Collected data
*****

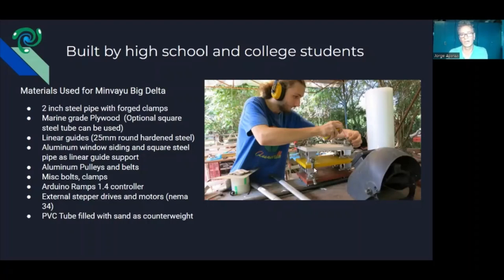The whole device is controlled by a RAMPS controller — Arduino open source controllers that are quite popular and common for small 3D printers. We use the same controller as a small printer, but instead of small drivers for the motors, we connect to external drives because we use larger NEMA 34 stepper motors. To keep the motors small, we use counterweights — PVC pipe full of sand connected to a pulley — helping support the weight of the extruder and moving parts.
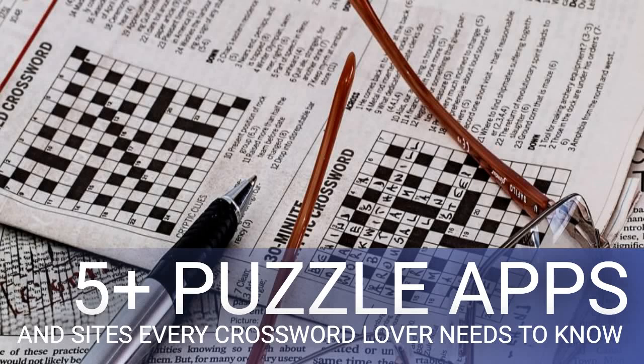5 plus puzzle apps and sites every crossword lover needs to know. Do you look forward to solving a crossword puzzle every day? You've come to the right place to find the best apps for any crossword fan. The best crossword puzzles still appear in newspapers and magazines, but publishers are getting a little weird about it.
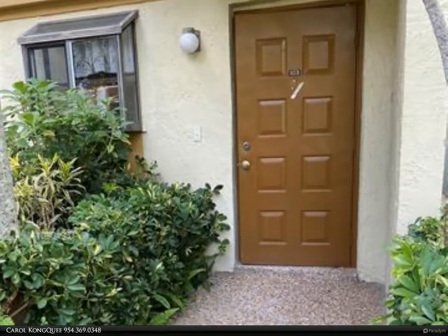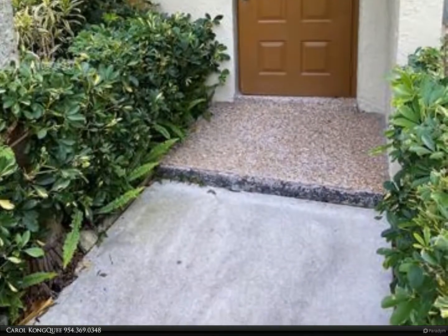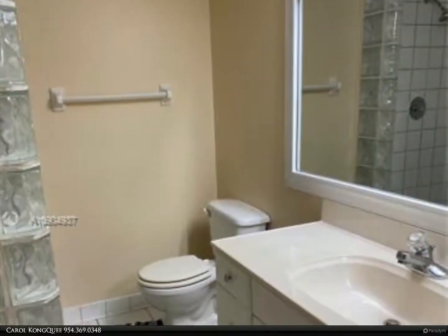This Berkshire Hathaway Home Services Florida Realty property video is presented by Carol Conque. Recently renovated with new tiles, beautiful wood floors, and freshly painted.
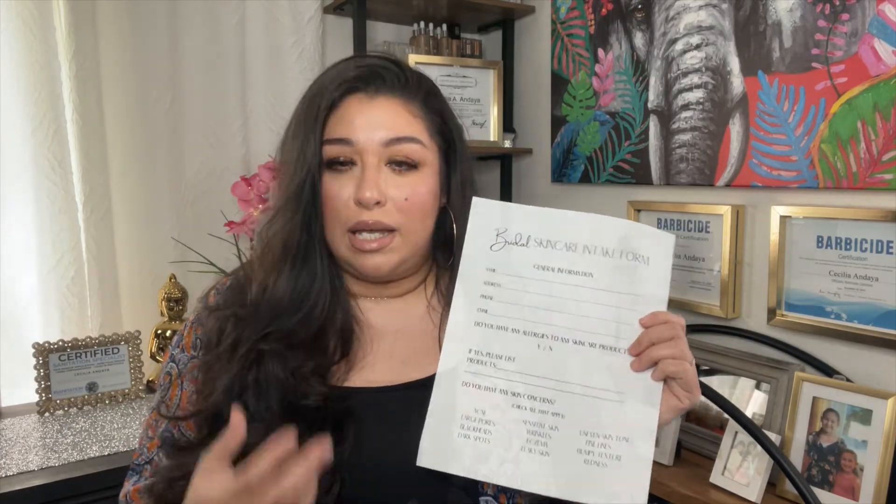Let's go over the skincare intake form. This form asks for their gender info, whether they are allergic to any products, what is their skin type, and any concerns they may have. Then I ask for their daily skincare routine, because I like having an understanding of how my brides prep their skin — and most importantly, what products they use.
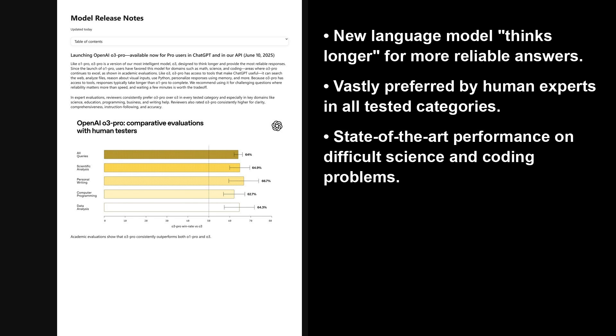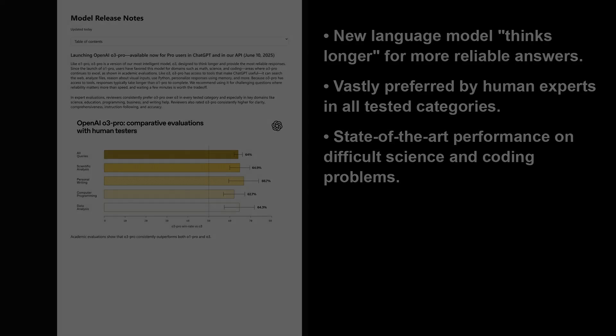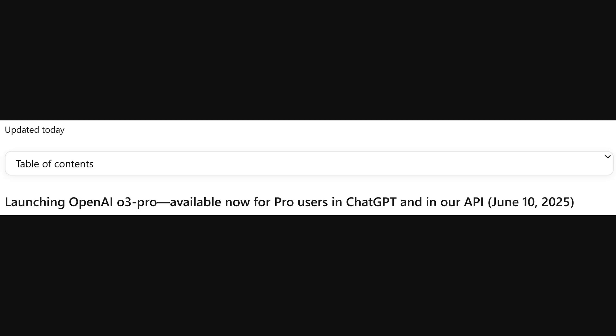Essentially, it's built to think longer than previous versions, making a conscious trade-off between speed and accuracy to ensure the answers you get are consistently dependable. The release notes kick off with the main launch announcement, confirming that OpenAI O3 Pro is officially available starting today for pro users, both in ChatGPT and through the API. A key part of their evaluation is something they call a 4-out-of-4 reliability assessment — a really strict test where a model is only considered successful on a problem if it gets the answer right on all four separate attempts, which really highlights its consistency and dependability.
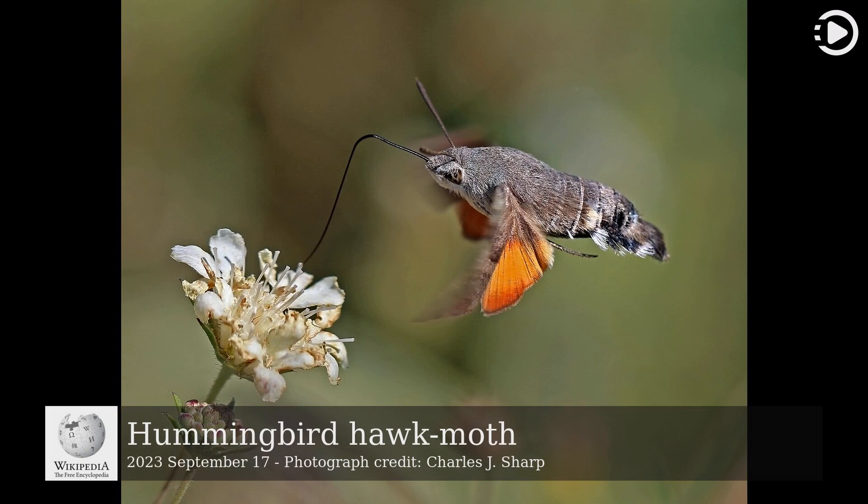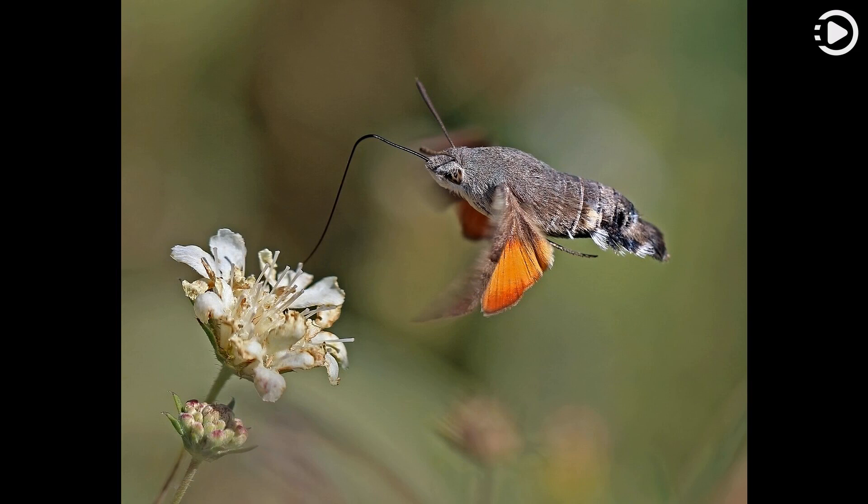The hummingbird hawk moth, Macroglossum stellatarum, is a species of hawk moth found across temperate regions of Eurasia, from Portugal to Japan. Its long proboscis — 25 to 28 millimeters (0.98 to 1.10 inches) — and its hovering behavior, accompanied by an audible humming noise, give it a resemblance to the hummingbird.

*****

WHAT THIS TASK INVOLVES
Although the records above contain pictures, the copy must not; set down exactly the lines from the one with "This Berkshire Hathaway" up to and including the one with "Let's go over".

EXPECTED ANSWER
This Berkshire Hathaway Home Services Florida Realty property video is presented by Carol Conque. Recently renovated with new tiles, beautiful wood floors, and freshly painted.
Let's go over the skincare intake form. This form asks for their gender info, whether they are allergic to any products, what is their skin type, and any concerns they may have. Then I ask for their daily skincare routine, because I like having an understanding of how my brides prep their skin — and most importantly, what products they use.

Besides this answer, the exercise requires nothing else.